(Given data begins)

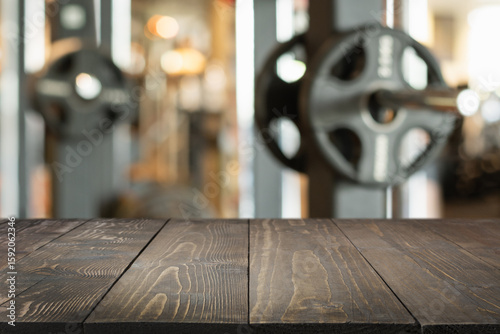 Empty wooden table top and blurred gym or fitness center as background.
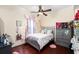 Cozy bedroom featuring hardwood floors, a ceiling fan, and a large dresser at 2813 Ballard Ave, Orlando, FL 32833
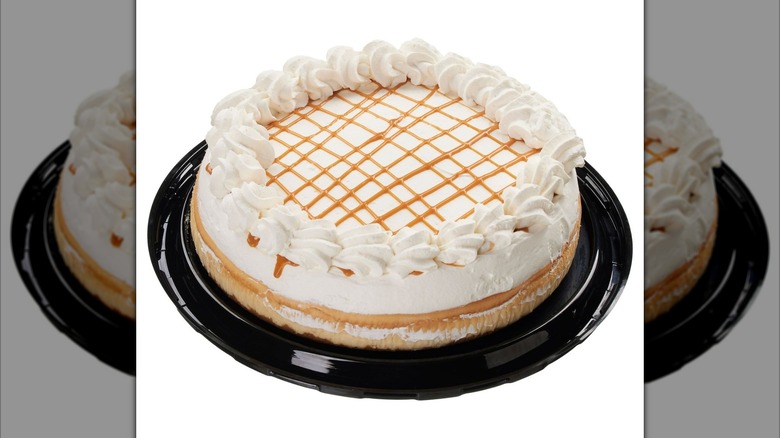 Whole Kirkland Signature Salted Caramel Cheesecake on black tray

(Given data ends)

Strip the images and return the remaining data exactly.

## Finished exercise
 Empty wooden table top and blurred gym or fitness center as background.
 Cozy bedroom featuring hardwood floors, a ceiling fan, and a large dresser at 2813 Ballard Ave, Orlando, FL 32833
 Whole Kirkland Signature Salted Caramel Cheesecake on black tray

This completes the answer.